Faccia splendere su di te il suo volto - Miti e simboli dalla preghiera di Aronne al simbolismo della luce

Pubblicato da Enzo Maria Cilento - fratel Simeone su 27 Novembre 2020, 18:31pm

Particolare da Giuditta e Oloferne (Caravaggio)

Particolare da Giuditta e Oloferne (Caravaggio)

Il Signore parlò a Mosè e disse: “Parla ad Aronne e ai suoi figli dicendo: Così benedirete gli Israeliti. Direte loro: Ti benedica il Signore e ti custodisca. Il Signore faccia risplendere per te il suo volto e ti faccia grazia. Il Signore rivolga a te il suo volto e ti conceda pace. (Numeri 6, 22-26).

Sono arrivato a questo brano, dopo averlo individuato tra le note introduttive del salmo 66 (Dio abbia pietà di noi e ci benedica, su di noi faccia splendere il suo volto) che, come si nota chiaramente, è la trasposizione della preghiera di benedizione di Aronne, ed è anche la formula di benedizione che Francesco d’Assisi usava di frequente con chi lo incontrava oltre che con i suoi primi compagni. Sulle ceramiche e sulle figurine che hanno poi invaso il mondo ed i negozi di souvenir che rimandano al santo di Assisi, spesso campeggia questa formula di benedizione infatti.

Il richiamo all’idea all’invocazione ed al bisogno di essere custoditi e di essere protetti e difesi è costante nella Scrittura. A volte si traduce nell’immagine simbolica della città assediata da fortificare (girate intorno alle sue mura, contate tutte le sue torri); o anche “celebre il Signore, Gerusalemme … perché ha rinforzato le sbarre alle tue porte”; o quando (121), sotto le sue mura, la città è descritta come salda e compatta. Là saliranno le tribù del Signore. Altre volte ancora, Gerusalemme è ridotta in macerie (78), il che non è solo trasposizione di un fatto storico; e del resto sarebbe infinita la gamma di esempi a sostegno di questa coerenza metaforica. Cosicché, se la città di Dio ed il suo tempio non sono che ogni uomo soprattutto, in chiave individuale e personale dopo quella collettiva di cui dicevamo, va da sé che sia sempre lecito e legittimo chiedere quella difesa e quella protezione; che la si rivendichi e la si implori in forma di preghiera; che a ragione gli uomini se la aspettino da Dio. Nei casi migliori che ciò si traduca da parte di ciascuno, in azione, prevenzione e infine affidamento. Ogni custode (non dico solo di angeli e di patroni) è la sentinella che la Bibbia annuncia a difesa del fortilizio. Da bambini, tra le prime preghiere insegnate, quella che riguarda “l’angelo custode” e in più ho avuto modo di ascoltare e di leggere preghiere di affidamento e custodia, rivolte a Michele (arcangelo), in armi quindi come un guerriero, contro le schiere dei demoni che si aggirano per il mondo per il male delle anime (magari anche dei corpi ndr.).

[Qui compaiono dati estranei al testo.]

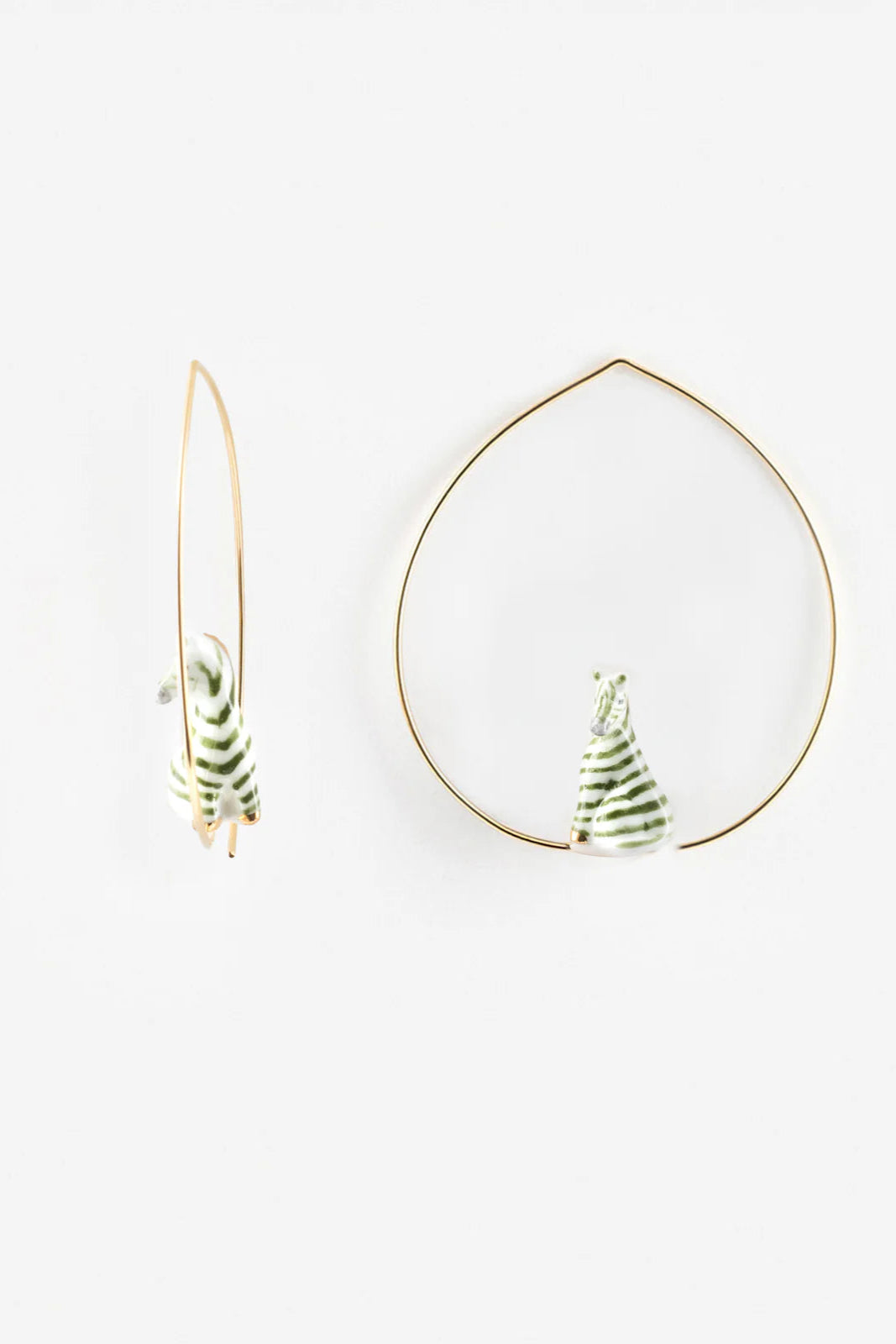 Nach - Green Zebra Hoop Earrings (Savane)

Altro riferimento che mi sembra significativo in quella benedizione di Aronne e del salmo 66 sta nel versetto “faccia risplendere su di te il Suo volto”. L’idea di un volto risplendente quella luce richiama a diverse suggestioni. La prima: l’olio con cui si ungono i re d’Israele (ma poi anche i re del Medioevo) che indica la regalità e la benedizione. L’olio è, dal punto di vista alimentare, il segno dell’abbondanza. Non è detto che l’olivo non sia attaccato dai parassiti. Un anno senz’olio è un anno non benedetto; è come nel racconto di Giuseppe, un anno di vacche magre. In secundis, cospargi di olio il mio capo è usato nel salmo 22 e richiama alla stesso principio a cui però andrà aggiunto dell’altro (vd. cospargi di olio il mio capo, mi dai la forza di un bufalo). Ci si cosparge di olio infatti, per sfuggire alla presa dell’avversario, anche nella lotta. E l’olio rende splendido il volto, luminoso, in ogni caso. Che, per traslato, ma neppure troppo forzato, è il principio per cui nella cosmetica se ne fa uso (ne facevano uso gli egizi) e il volto unto è un volto giovane e pieno di vita, non rinsecchito dagli anni e dalla disidratazione. La pelle – noi diciamo infatti – va nutrita perché non invecchi. Quell’olio è anche il segno che il tempo non ha recato il suo oltraggio e quasi è un anticipo visivo, simbolo d’immortalità. Il volto che risplende e che lo è di Lui, come nel testo, rimanda poi agli stessi colloqui di Mosè con Dio, per cui il suo volto risplendeva in tal maniera, dopo averlo incontrato nella tenda, da dover essere protetto e coperto da un velo (san Paolo interpreta la cosa a suo modo). In ogni caso, la velatura è atta a proteggere quella luminosità superna e purificante, dalle ingiurie della luce naturale.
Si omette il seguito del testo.